October 2015 - A large UNESCO World Heritage reserve is a step closer to being established across the Altai Mountain region straddling the border between Russia and Kazakhstan thanks to the work of a Writtle College academic and his colleagues.
Dr Peter Hobson has been jointly working on a Management Plan for the 1.6 million hectares of mountain landscape for more than two years with Professor Pierre Ibisch and project staff from Eberswalde University of Sustainability, Germany.
The 350-page plan is now going into official publication and both Russian and Kazakh governments have agreed to transboundary cooperation. The project has also involved producing a nomination application for a UNESCO World Heritage Trans-boundary Biosphere Reserve.
Dr Hobson said: “The reserve will be one of the largest areas of its kind designed to safeguard the cultural heritage of local tribal communities and the last few remaining populations of snow leopard, lynx, bear, mountain sheep and Ibex.”
The Principal Lecturer in biodiversity conservation at Writtle College has been collaborating with a professional team of staff from the two countries. He has made several visits to the Altai Mountains in the southern region of Siberia to work on the major project, which has included intensive workshops with those involved and situation analyses.

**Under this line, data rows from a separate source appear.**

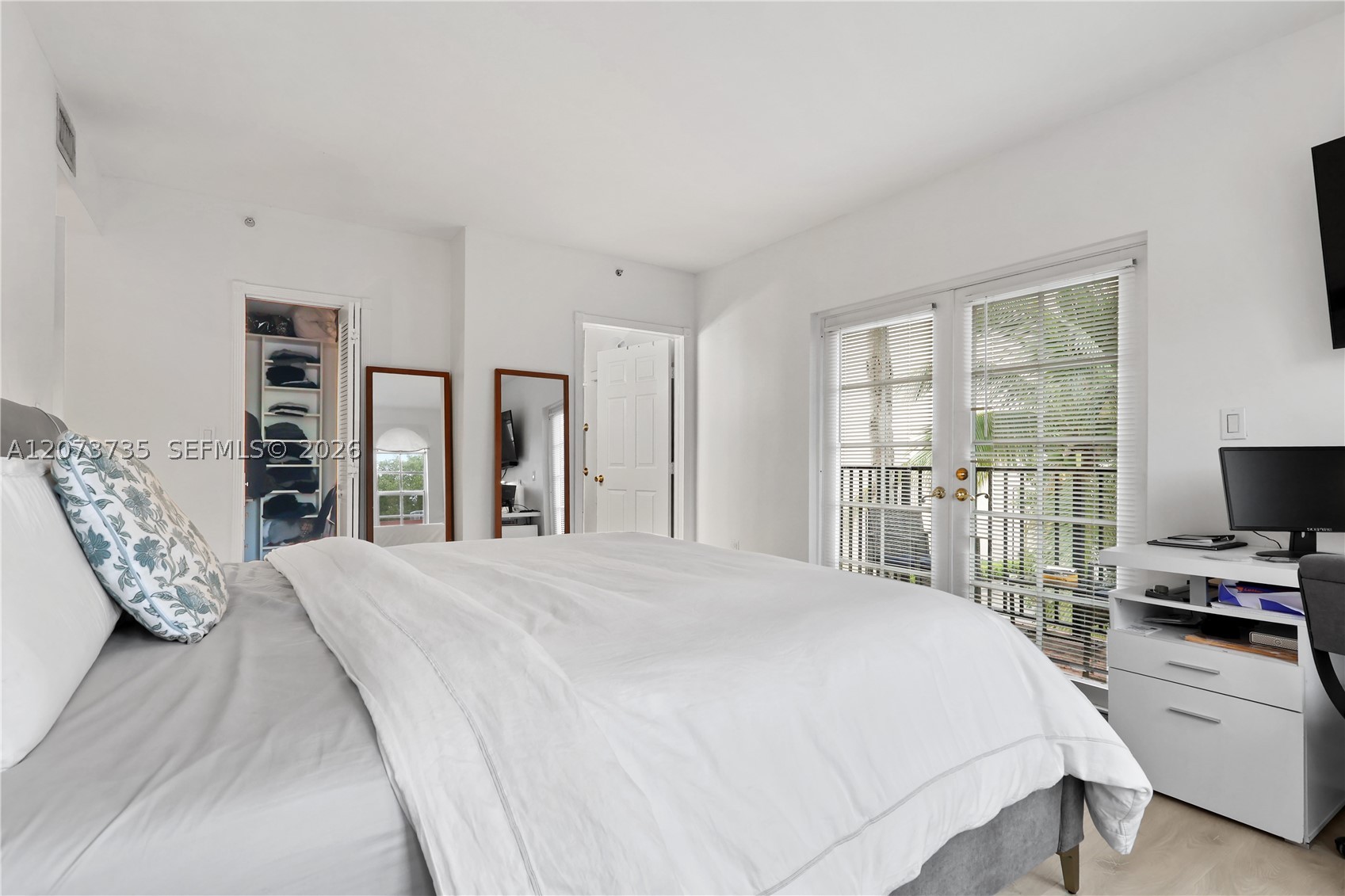 323 Navarre Ave #301 Coral Gables, FL 33134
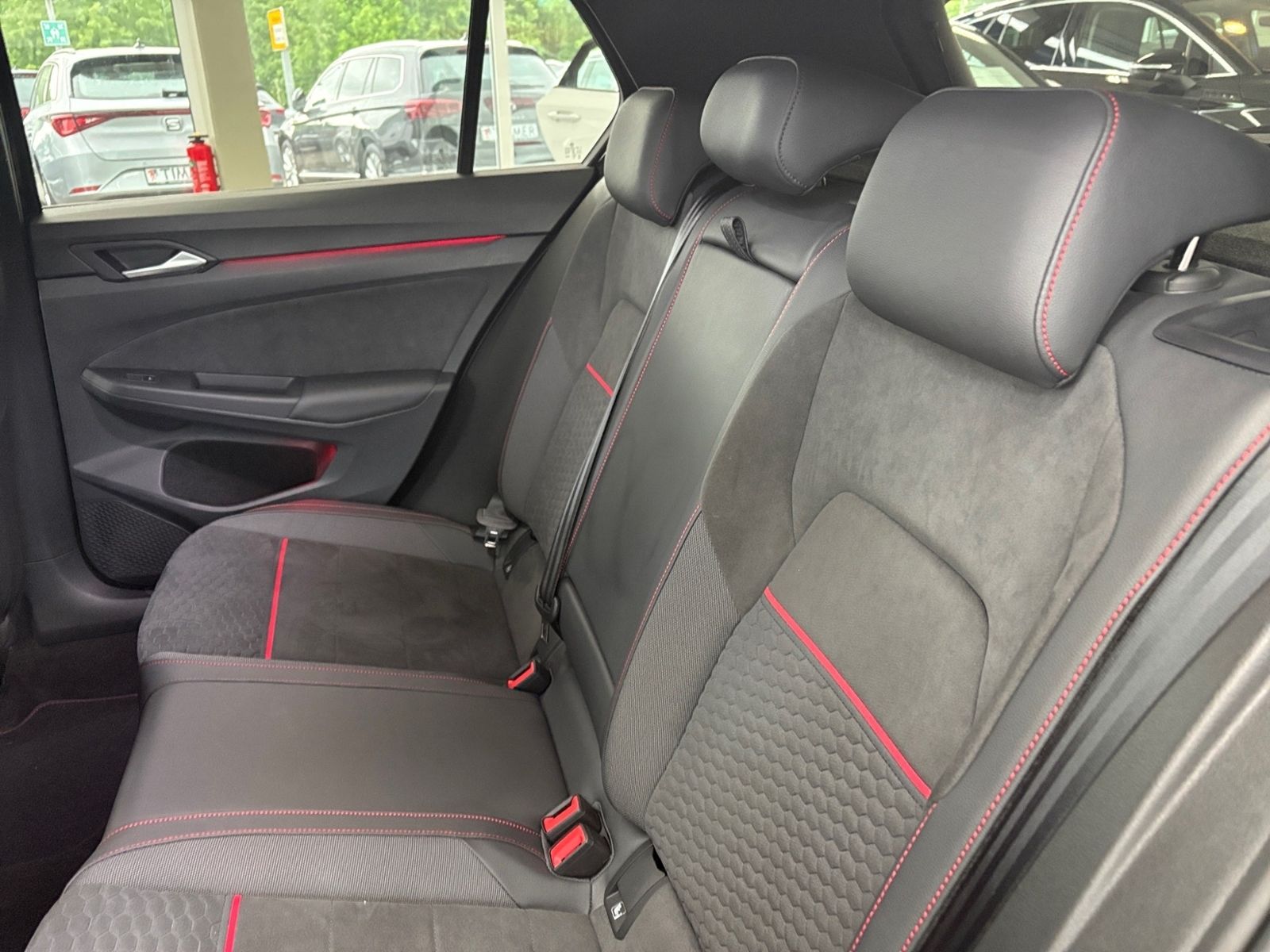 Volkswagen Golf VIII GTI Clubsport 2.0 TSI 221kW 7-Gang DSG foto 16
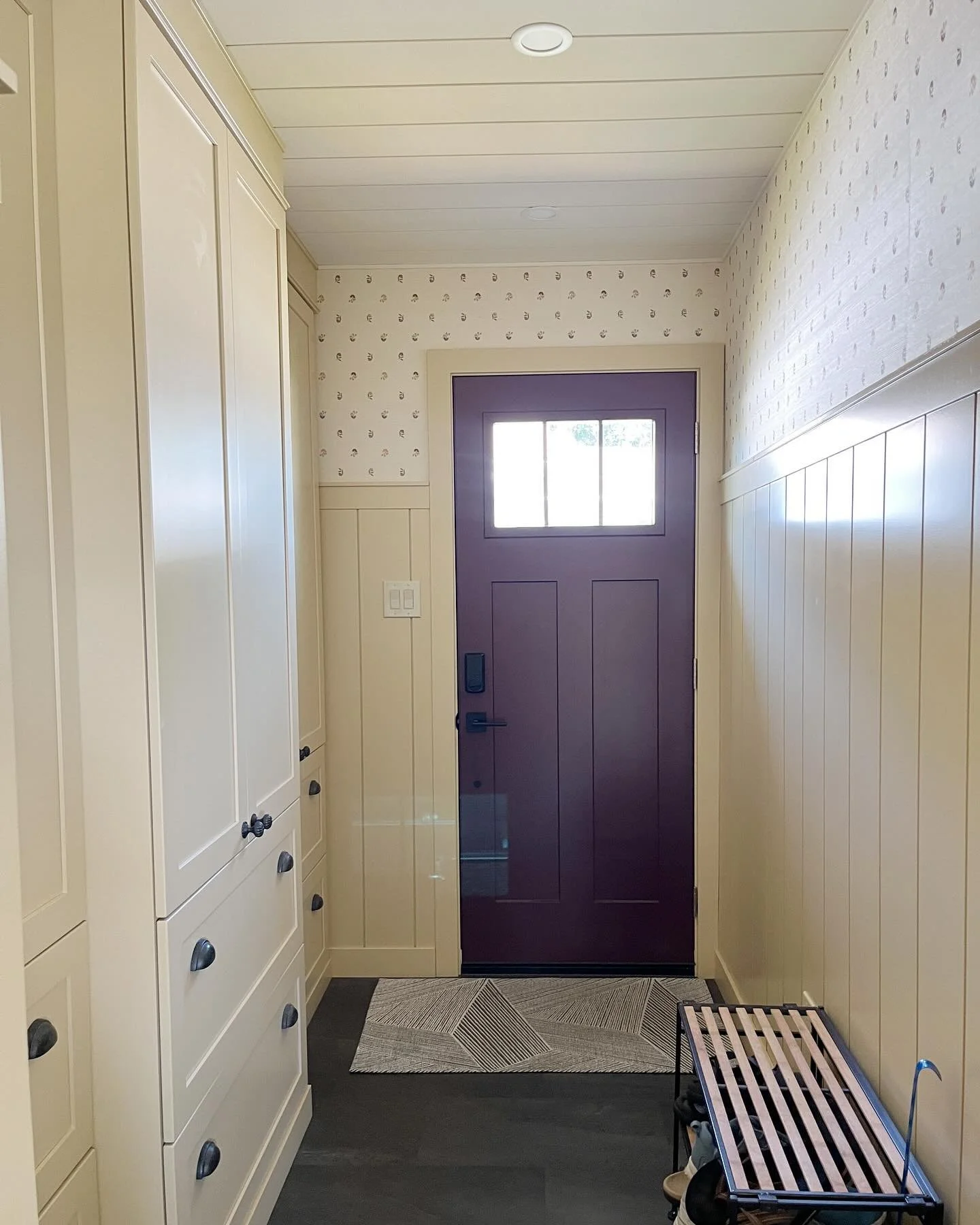 Stopped by this cutie-pie mudroom + kitchen project we finished last year + it&rsquo;s just as sweet as ever 💛 

Details in stories #FDbuttercupcreek
⠀⠀⠀⠀⠀⠀⠀⠀⠀
Builder: @alairhomes306 @lav_builds 
Cabinets:  @rocksidebuilders 
Wallpaper install: @pr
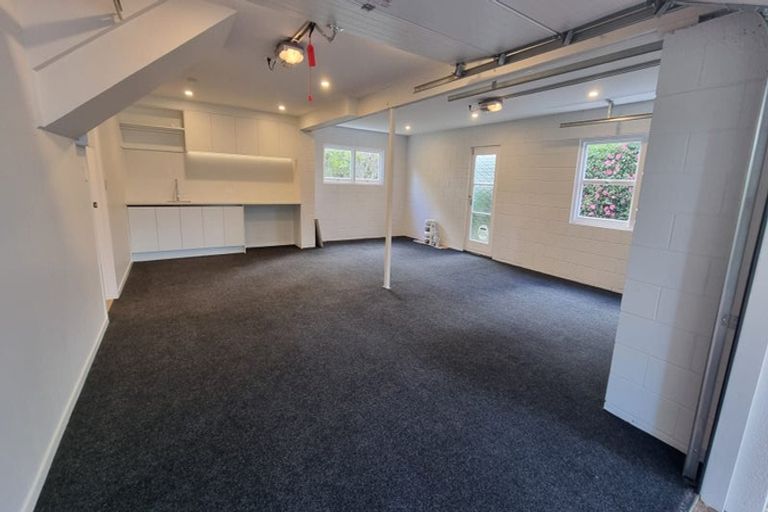 Photo of property in 4 Kerrymaria Place, Hillcrest, Auckland, 0627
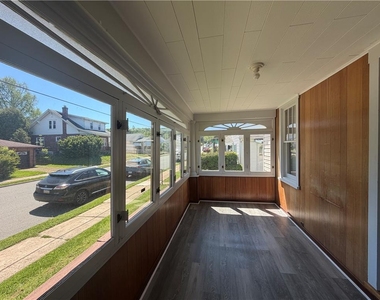 1848 S Wood Street - Photo Thumbnail 2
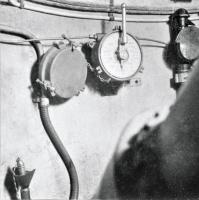 Ligne Maginot - HACKENBERG - A19 - (Ouvrage d'artillerie) - Bloc 10 - la tourelle de mortiers de 81 mm
Étage supérieur, transmetteur d'ordres mécanique Teleflex entre le chambre de tir et le poste de pointage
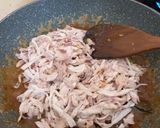 Foto langkah ke 2 dari resep Empal Suwir (Ayam) / Takir Bunga.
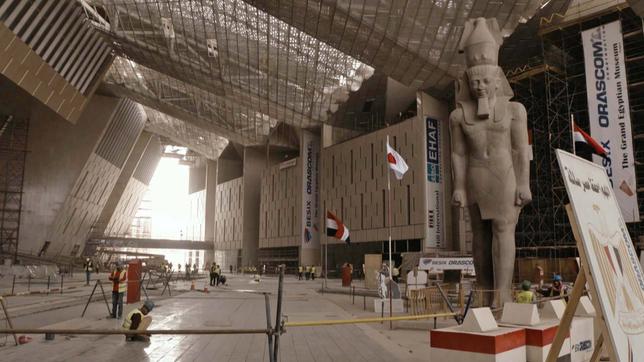 Statue im Grand Egyptian Museum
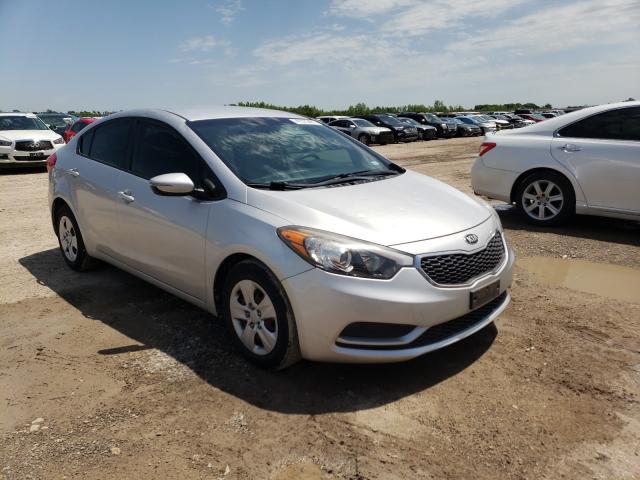 Kia Forte lx (2015)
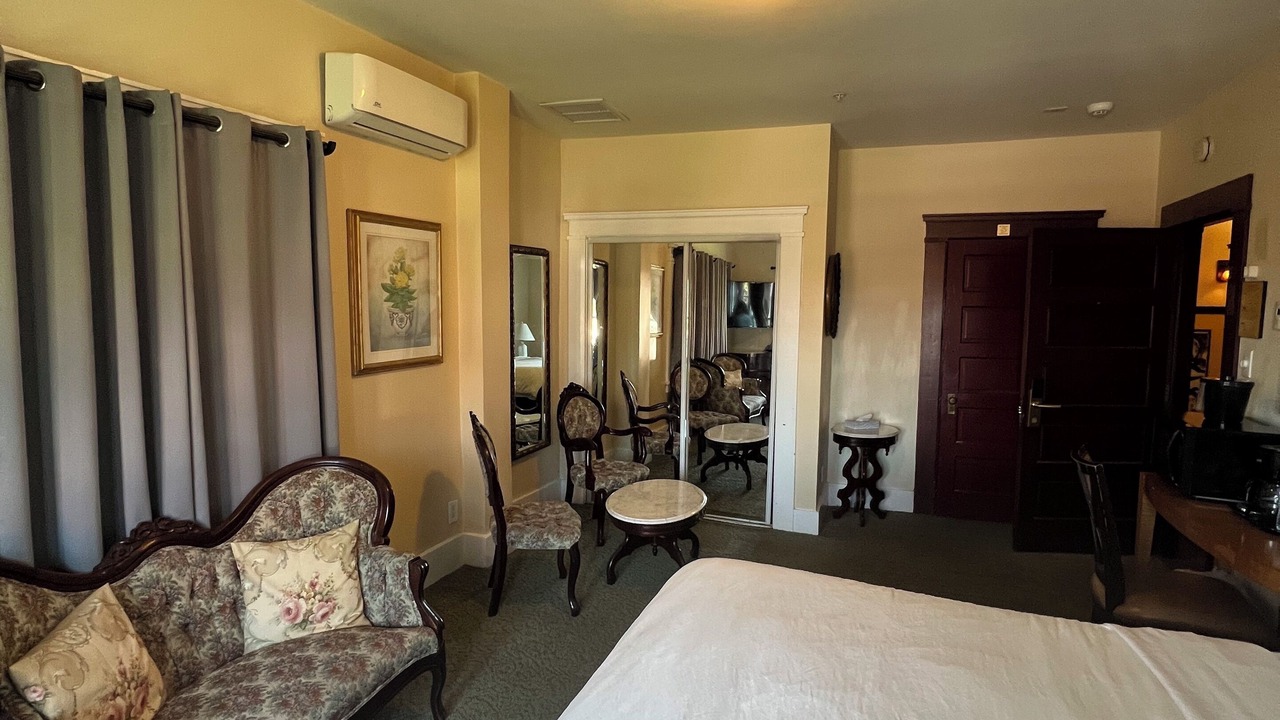 Photo of Bedroom in Santa Paula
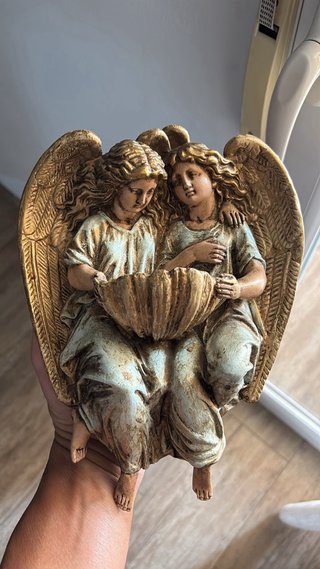 Benditera de escayola con ángel.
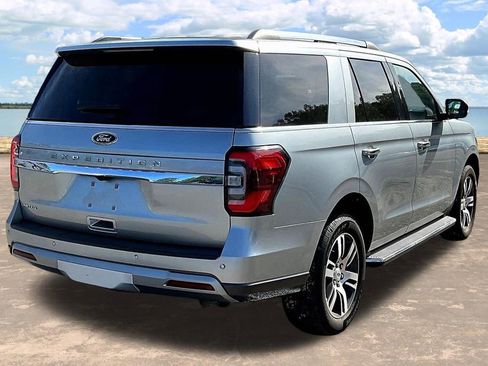 Used 2022 Ford Expedition Limited AWD/4WD image 7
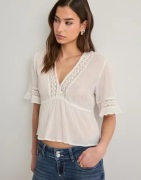 Nelly - Valkoinen - Sweet Detail Blouse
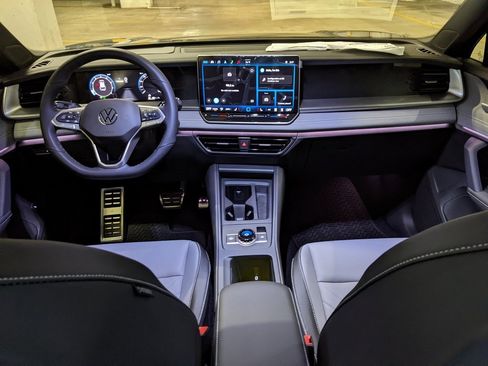 New 2025 Volkswagen Tiguan SE R-Line image 12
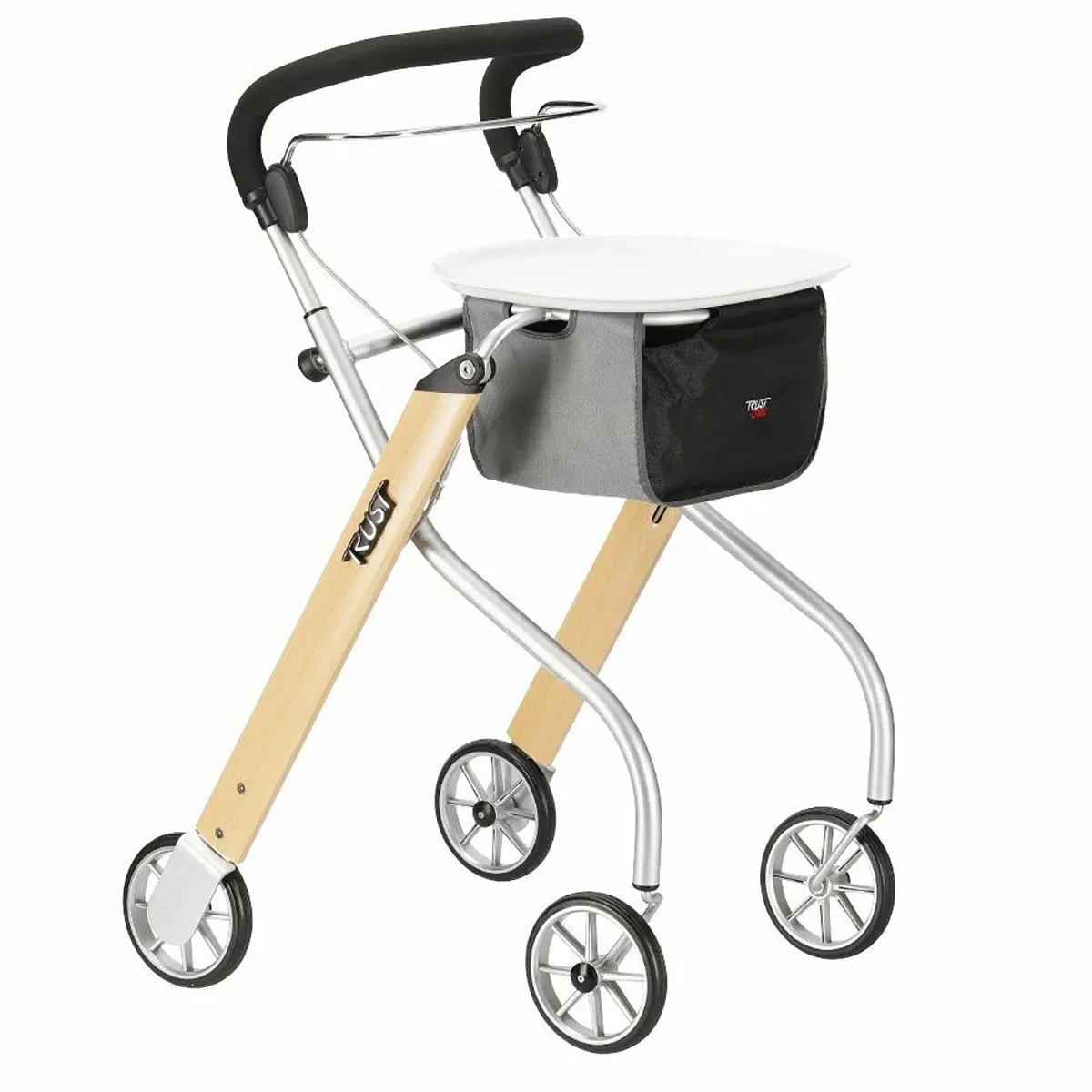 Der Trust Care Let's Go Rollator in Braun von Trust Care ist eine moderne, kompakte Gehhilfe mit vier Rädern, schwarzem Griff, grauer Tasche und kleinem weißen Tablett - ideal als Wohnraum-Rollator für den Innenbereich.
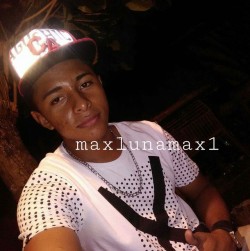maxlunamax1:Mas de este chico de carretera a masaya, mostrando culo, verga y huevos… van a llevar… Nicaragüense.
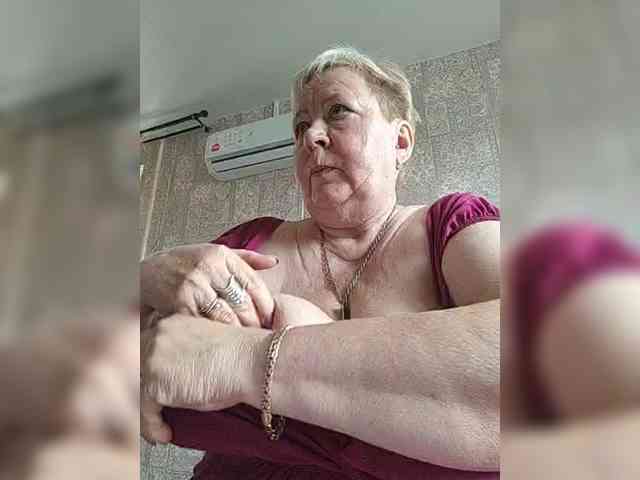 Alena61 webcam
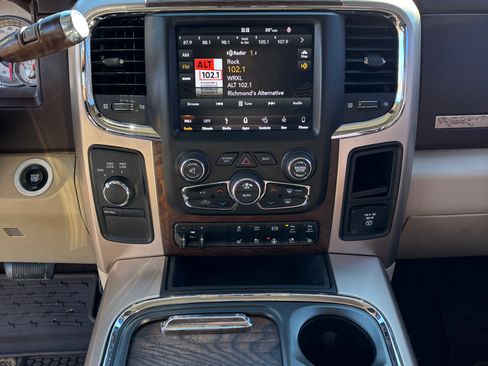 Used 2018 RAM 3500 Laramie Longhorn image 11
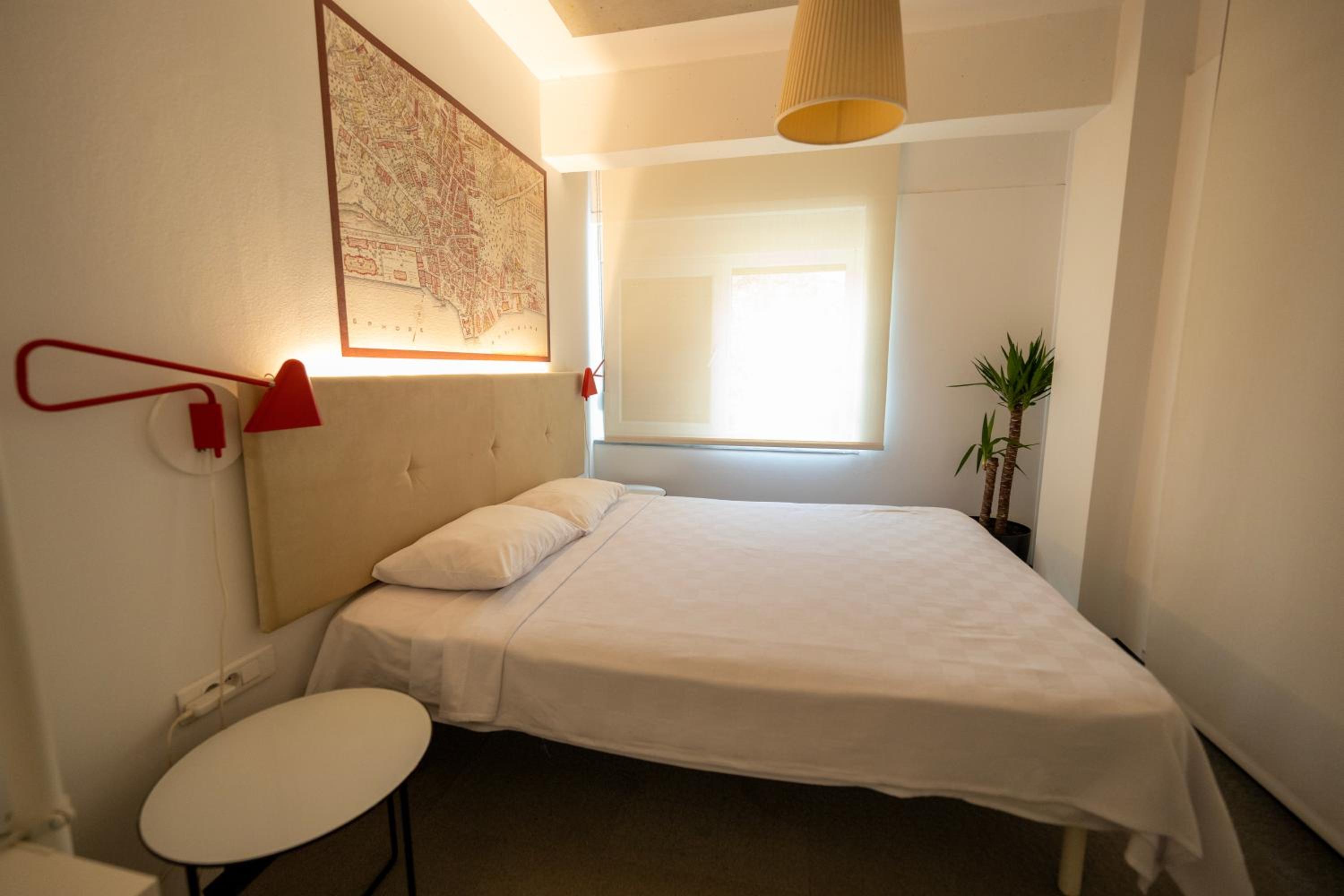 Apartment with Balcony photo 2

Dr Hobson said: “This is truly a unique landscape of mixed old growth forest, steppe, glacial lakes and traditional range land. It is an area of international importance for biodiversity, supporting a number of globally-threatened species, in particular, the Snow Leopard. Many communities continue to live here as they have done for centuries.”
The Centre for Econics and Ecosystem Management, which Dr Hobson established with Co-Director Professor Ibisch from Eberswalde University in 2011, was contracted by the German Ministry for Environment BfN to steer the project. It was funded by the German Federal Ministry for the Environment, Nature Conservation, Building and Nuclear Safety (BMUB), the German Federal Environmental Agency, as well as BfN.
At an international workshop in Öskemen / Ust Kamenogorsk, Kazakhstan, the Centre delivered the Management Plan and a nomination dossier for the proposed UNESCO Biosphere Reserve, which comprises protected areas in Kazakhstan and the Russian Federation.
With the launch of the strategic management plan and the application for UNESCO designation, the Altai Mountains will join the elite ranks of those few but globally important transboundary reserves that require international efforts between neighbouring countries for the conservation of biodiversity and sustainable development.
The Altai Mountains, which also span the borders of Mongolia and China - which the team are looking at in the next phase of the project - are one of the unique landscapes of Central Asia.
Dr Hobson said: “The main challenge to conservation in this region is the unsustainable exploitation of natural resources as well as the unregulated expansion of tourism, and climate change.
“The exposure to risks like climate change and the inherent vulnerability of the fragile region requires an ecosystem-based conservation approach, which was applied using the MARISCO method during a three-year participatory planning process that was initiated back in 2012. The management plan was the final outcome of the project and was developed together with the application document for the official designation as a UNESCO Transboundary Biosphere Reserve.
“Developed as a long-term adaptive management plan, the final document meets the established requirements for biosphere reserves. The management plan also serves as an overarching transboundary management strategy for two existing and adjacent biosphere reserves in the Republic of Kazakhstan and the Russian Federation.”